Regarding potential uncertainties in GFAS emissions, a comprehensive study46 has found that, in comparison with other emission inventories, GFAS data agreement with AERONET and MISR data is moderate, and that one of the areas of lower agreement is indeed boreal North America. It must also be mentioned that GFAS relies on satellite observations, which can have limitations in terms of spatial resolution and near-real-time availability. With this in mind, it is possible that small GFAS inventory deficiencies could also be a factor in AOD underestimation, and that the actual impacts of the 2023 Canadian wildfire emissions might be even higher than what has been modelled.

Data Sources

As wildfire emissions input, we used CAMS GFAS data for 2023 (https://atmosphere.copernicus.eu/global-fire-emissions)13. The emission data downloaded from GFAS includes both aerosols and reactive gases. For the nullification of the emissions in the noFIRE ensemble, the region over which this process is performed is a rectangle with the geographical coordinates 45N-70N by 55W-140W. All non-wildfire emissions are obtained as per the CMIP6 “Shared Socioeconomic Pathways” (SSP) 370 scenario47. For the initialization of the simulation, we used atmospheric variables for year 2015, due to model data availability restrictions. The fact that we are using initial conditions from a different year to the emissions is expected to have little impact, given the fact that the objective of this study is to establish the potential large-scale effects of emissions of the magnitude of those that occurred in Canada in 2023 in any given year, rather than to specifically model the exact atmospheric conditions of 2023.

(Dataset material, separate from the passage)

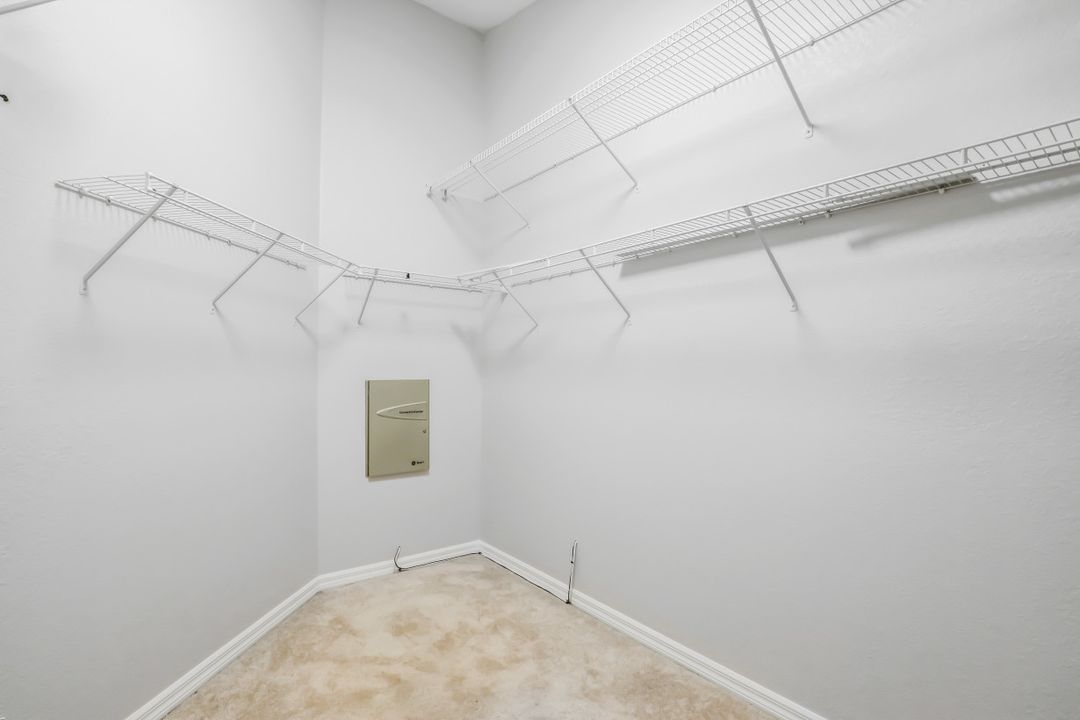 2227 Grove Dr, Naples, FL 34120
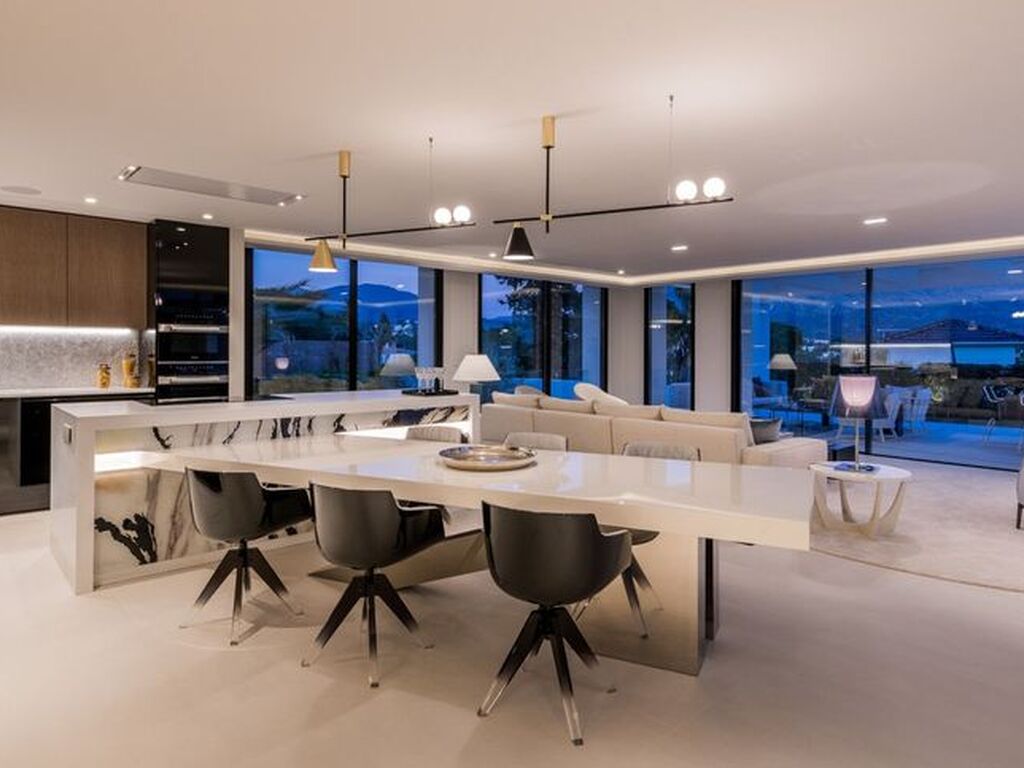 Luxury House for sale in Marbella, 3 825 000 €, Photo 2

Technical and geographic considerations

We mainly focus on two types of analysis in this paper, when it comes to investigating the impacts of the emissions: plots of the averaged values of the chosen model variables in given regions of the NH, and plots of the cross-correlations between pairs of key variables in these given regions. Longitudinally, the region analyzed covers the entire NH with the middle represented by the Greenwich prime meridian, and latitudinally it is bounded by the 35th and 70th parallels north, since the 35th is commonly considered to be the poleward fringe of the northern subtropics48 and the 70th is situated closely above the Arctic Circle while also being the northward edge of the noFIRE emission nullification rectangle, as previously mentioned. Choosing regional separations within the given area is based on examining averaged emission impacts in the regions of highest interest. Thus, we define the following sub-regions: “Alaska and Northeastern Pacific” as 180W–140W abbreviated “A&NEP”, “Western Canada and US” as 140W–100W abbreviated “WC&US”, “Eastern Canada and US” as 100W–55W abbreviated “EC&US”, “Central Northern Atlantic” as 55W-15W abbreviated “CNA”, “Western Europe” as 15W-20E abbreviated “WE”, “Eastern Europe and Western Russia” as 20E-60E abbreviated “EE&WR”, “Western Siberia and Central Asia” as 60E-100E abbreviated “WS&CA”, “Eastern Siberia and North China” as 100E–140E abbreviated “ES&NC”, and “Russian Far East and Northwestern Pacific” as 140E–180E abbreviated “RFE&NWP”. These regions are shown in Fig. 2c.